REQUIRED ACTION:
Transcribe each of the records below exactly, excluding all pictures.

Brief descriptive captions
=== Begin Enclosure ===
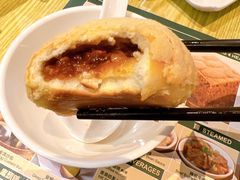 -添好运点心专门店(百老汇店)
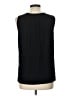 Westport Black Sleeveless Blouse Size L - photo 2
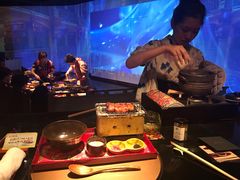 -地球美食剧场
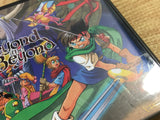 Beyond The Beyond SONY PS1 Japan - FJ6020
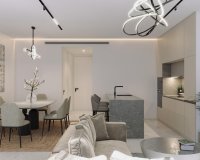 Nouvelle Construction - Town House -
Guardamar del Segura - El Raso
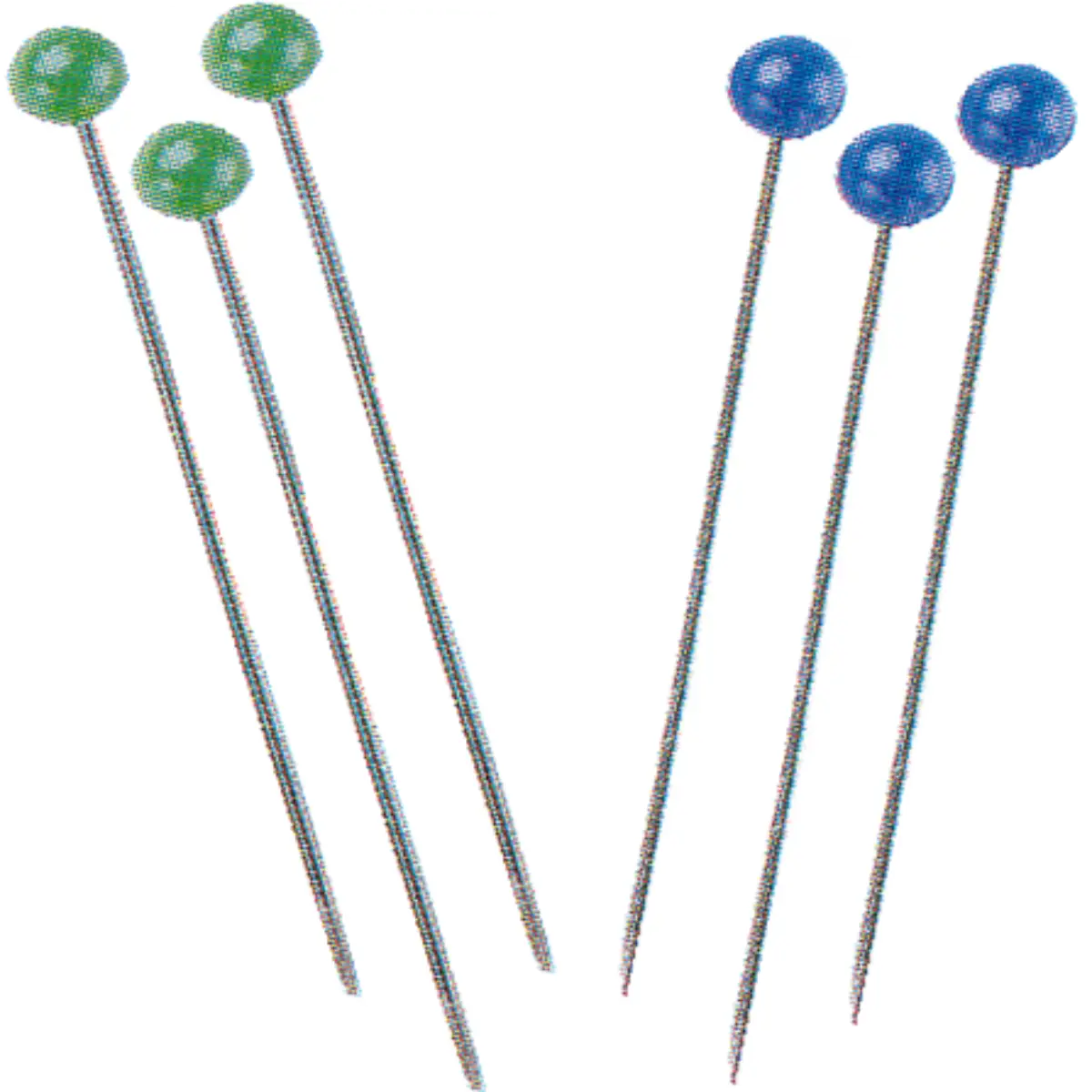 Talouring Pin Pearl Headed Craft Pins | Craft, Tailoring, Designing, Dressmaking ...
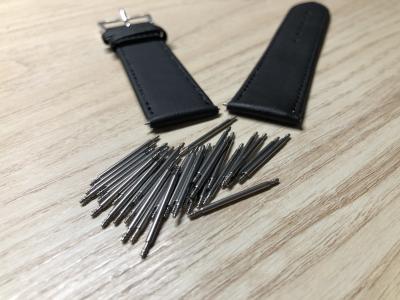 Óraszíjhoz rugós stift (8-25 mm)0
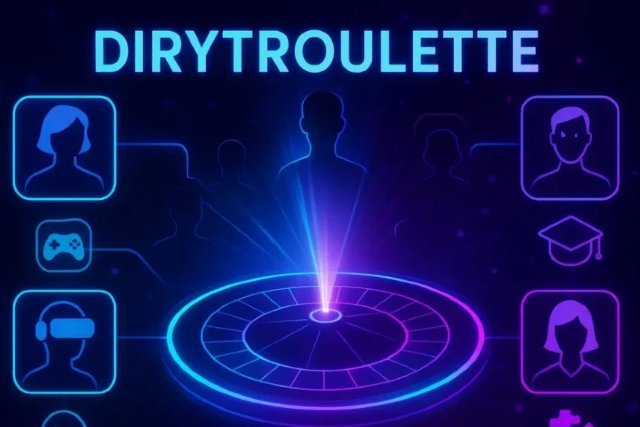 Dirytroulette: An In-Depth Exploration of the Emerging Online Experience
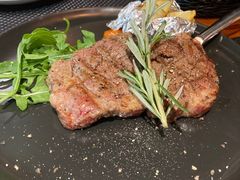 -百特喜·意大利餐厅(八佰伴镇江店)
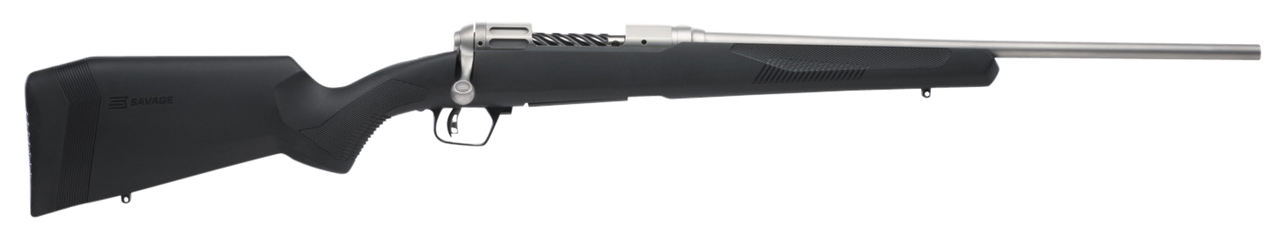 Savage 110 57048 110 Lwt Storm 270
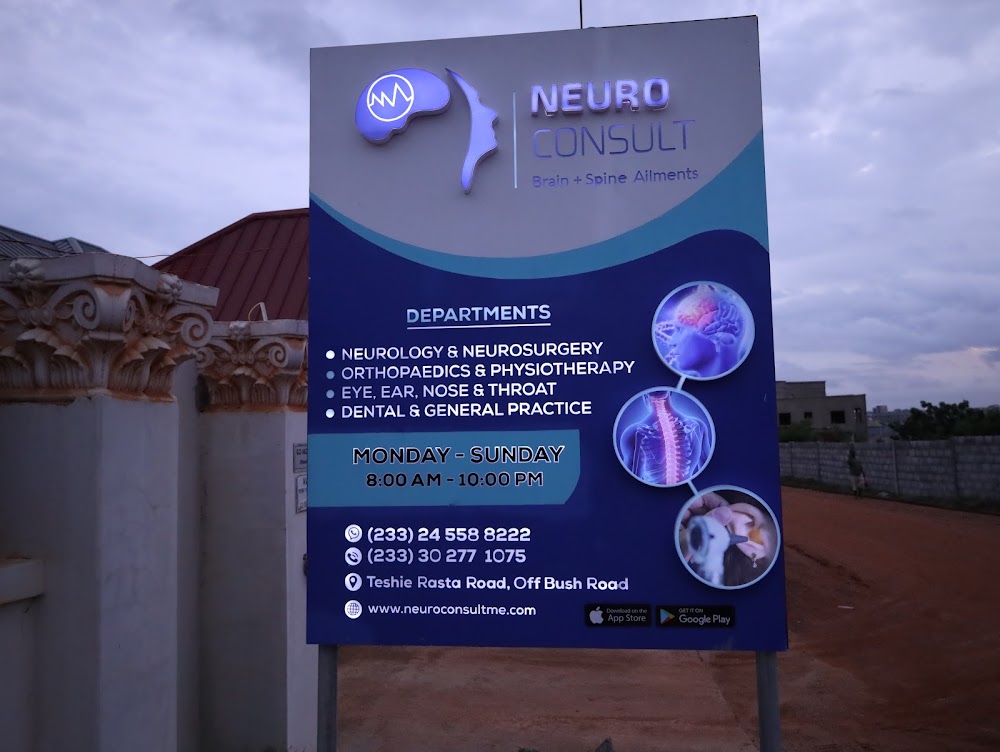 NEUROCONSULT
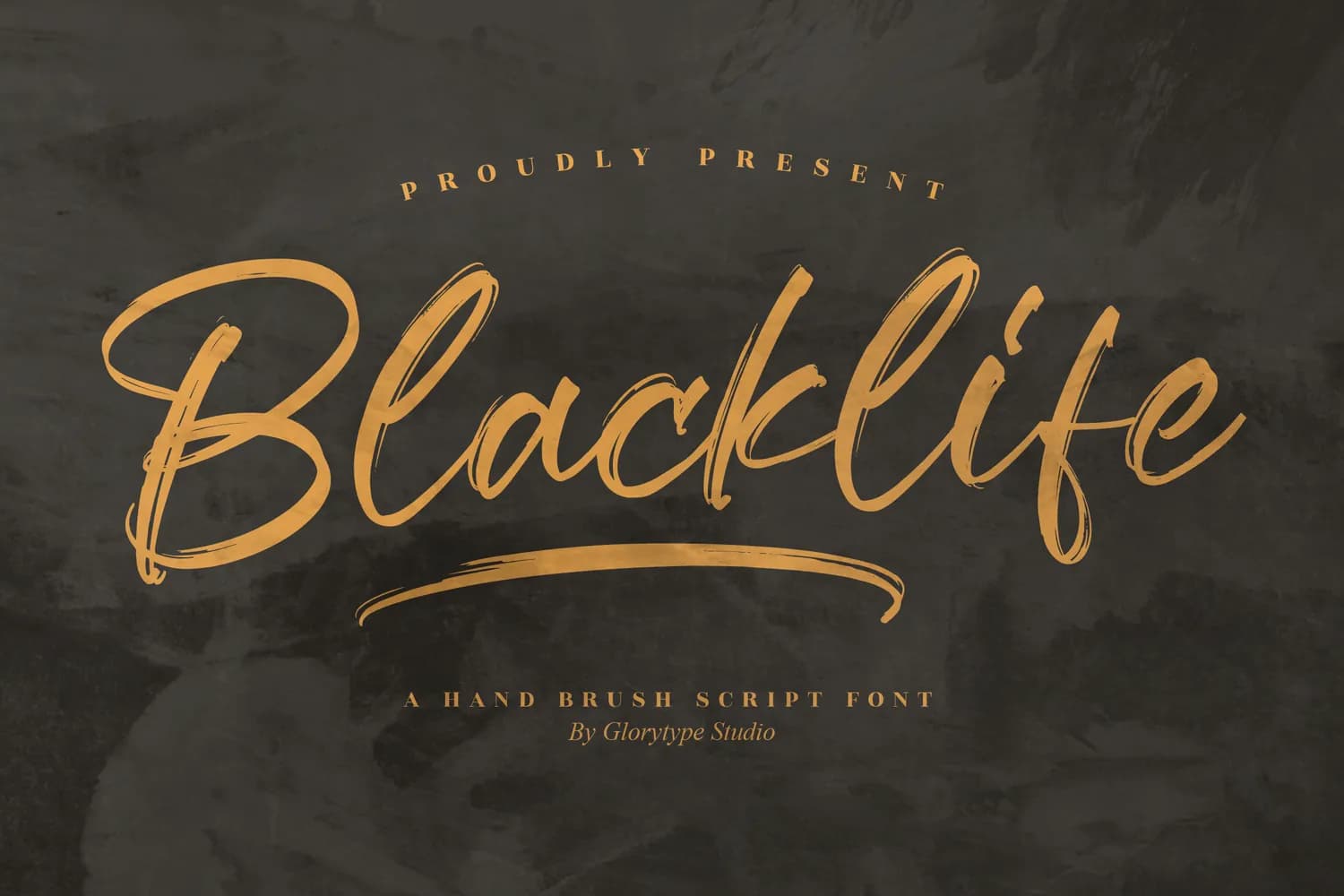 Blacklife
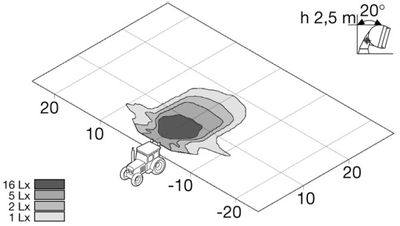 HELLA 1G4 003 470-031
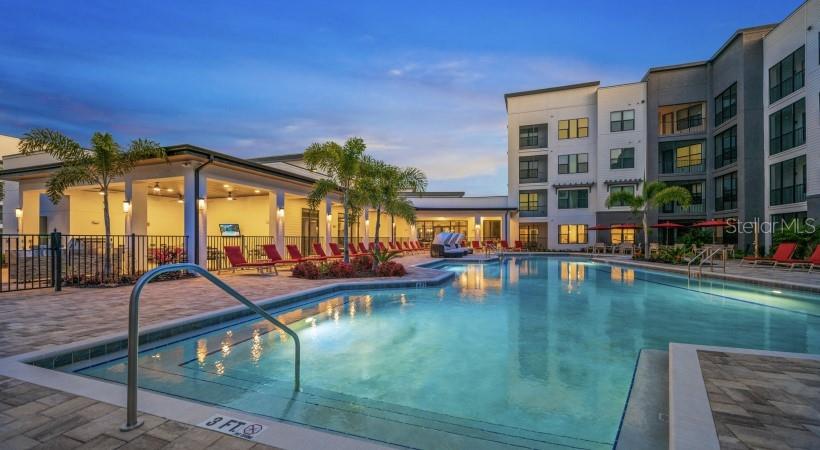 Photo of 8925 77TH TERRACE #A4 LAKEWOOD RANCH FL 34202
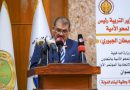 واع / وزير التربية: شمول قرابة (11) ألف منتسب في وزارة الداخلية ببرامج محو الأمية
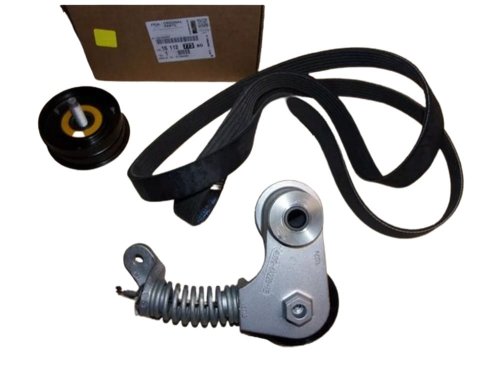 Cinghia tendicinghia originale 1611277380 Citroen Peugeot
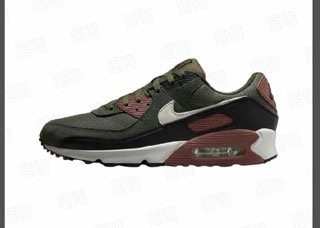 Air Max 90 Women shoes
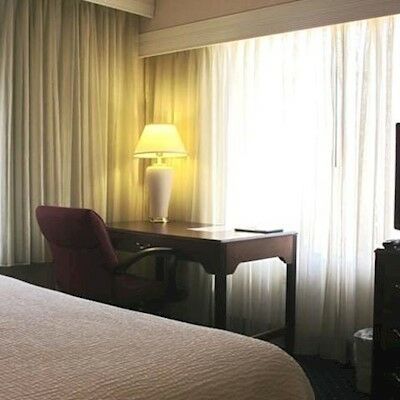 Courtyard By Marriott North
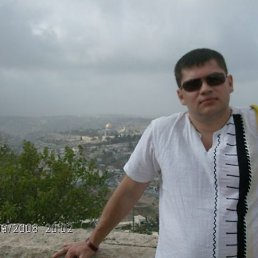 Женька, Киев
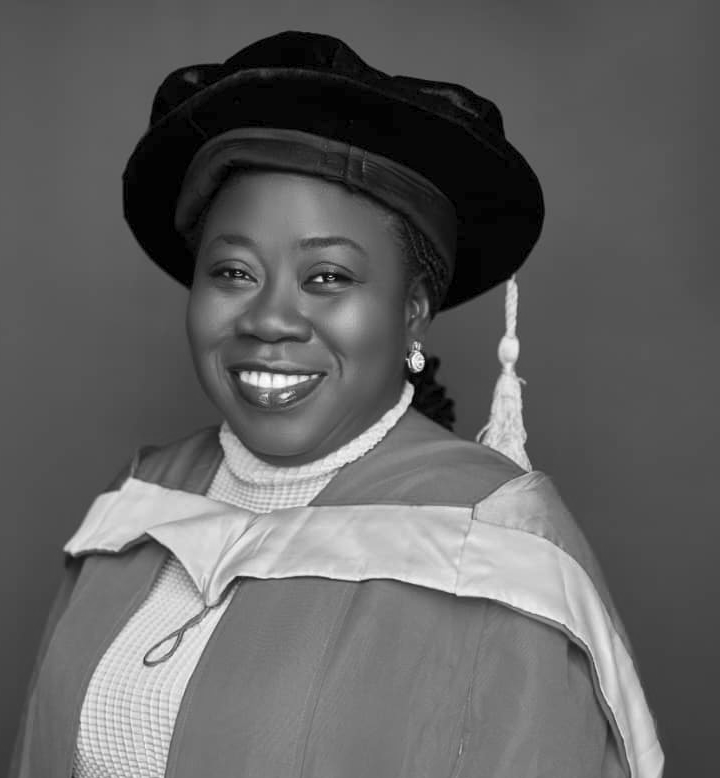 Professor Olubukola Adenubi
=== End Enclosure ===
RESPONSE TO THIS TASK:
 -添好运点心专门店(百老汇店)
 Westport Black Sleeveless Blouse Size L - photo 2
 -地球美食剧场
 Beyond The Beyond SONY PS1 Japan - FJ6020
 Nouvelle Construction - Town House -
Guardamar del Segura - El Raso
 Talouring Pin Pearl Headed Craft Pins | Craft, Tailoring, Designing, Dressmaking ...
 Óraszíjhoz rugós stift (8-25 mm)0
 Dirytroulette: An In-Depth Exploration of the Emerging Online Experience
 -百特喜·意大利餐厅(八佰伴镇江店)
 Savage 110 57048 110 Lwt Storm 270
 NEUROCONSULT
 Blacklife
 HELLA 1G4 003 470-031
 Photo of 8925 77TH TERRACE #A4 LAKEWOOD RANCH FL 34202
 واع / وزير التربية: شمول قرابة (11) ألف منتسب في وزارة الداخلية ببرامج محو الأمية
 Cinghia tendicinghia originale 1611277380 Citroen Peugeot
 Air Max 90 Women shoes
 Courtyard By Marriott North
 Женька, Киев
 Professor Olubukola Adenubi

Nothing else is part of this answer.